Here is the full membership of the transition committee:

 Laura Waterman Wittstock (chair) — president and CEO, Wittstock & Associates, author

Alfred Babington-Johnson — president and CEO, Stairstep Initiative Cos.

Anthony Newby — executive director, Neighborhoods Organizing for Change

Bill McCarthy — president, Minneapolis Regional Federation of Labor, AFL-CIO

Daniel Yang — director of organizing and community building, Native American Community Development Institute

David A. Wilson — managing director, Accenture Minneapolis

Frank Brown — co-chair, DFL African American Caucus

Greg Hestness — assistant vice president of public safety and chief of police, University of Minnesota

John Griffith — executive vice president of property development, Target Corp.
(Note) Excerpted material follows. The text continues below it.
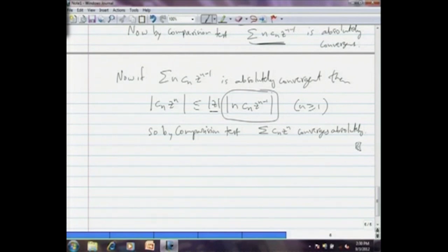Notice that you could not have proved this lemma directly by using some kind of limit comparison test — that kind of test fails. You have to actually go through this kind of proof for this lemma. Now we know that the derived series n·c_n z^(n-1) of σ c_n z^n has the same radius of convergence. Next, I will show using this that power series are actually analytic within their radius of convergence, so we can announce that power series are examples of analytic functions.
Julie Ristau — co-director, On the Commons, and co-chair, Homegrown Minneapolis

Ken Rogers — chair, Minneapolis Advisory Committee on People Living with Disabilities

Kyle Makarios — director of government affairs, North Central States Regional Council of Carpenters

Larry Redmond — principal, Redmond Associates

Majdi Wadi — CEO, Holy Land

Margot Imdieke Cross — accessibility specialist, Minnesota State Council on Disability

Megan O’Hara — youth outdoor employment director, Wilderness Inquiry; senior fellow, endowed chair, Minnesota Institute for Sustainable Agriculture

Michelle Dibblee — organizing director, OutFront Minnesota

Olga Viso — director, Walker Art Center

Peter Bell — Former chair, Metropolitan Council

Rabbi Michael Adam Latz — senior rabbi, Shir Tikvah

Sarah Harris — managing director, University of Minnesota Foundation Real Estate Advisors

Shay Berkowitz — owner, ReGo Electric

Sheik Abdirahman Sharif — imam, Masjid Dar Al-Hijrah

Shirley Nelson — executive director, Women Candidate Development Coalition

Sondra Samuels — president and CEO, Northside Achievement Zone

The Rev. Michele Morgan — priest associate, St. John’s Episcopal Church

Veronica Mendez — organizer, CTUL (Centro de Trabajadores Unidos en Lucha).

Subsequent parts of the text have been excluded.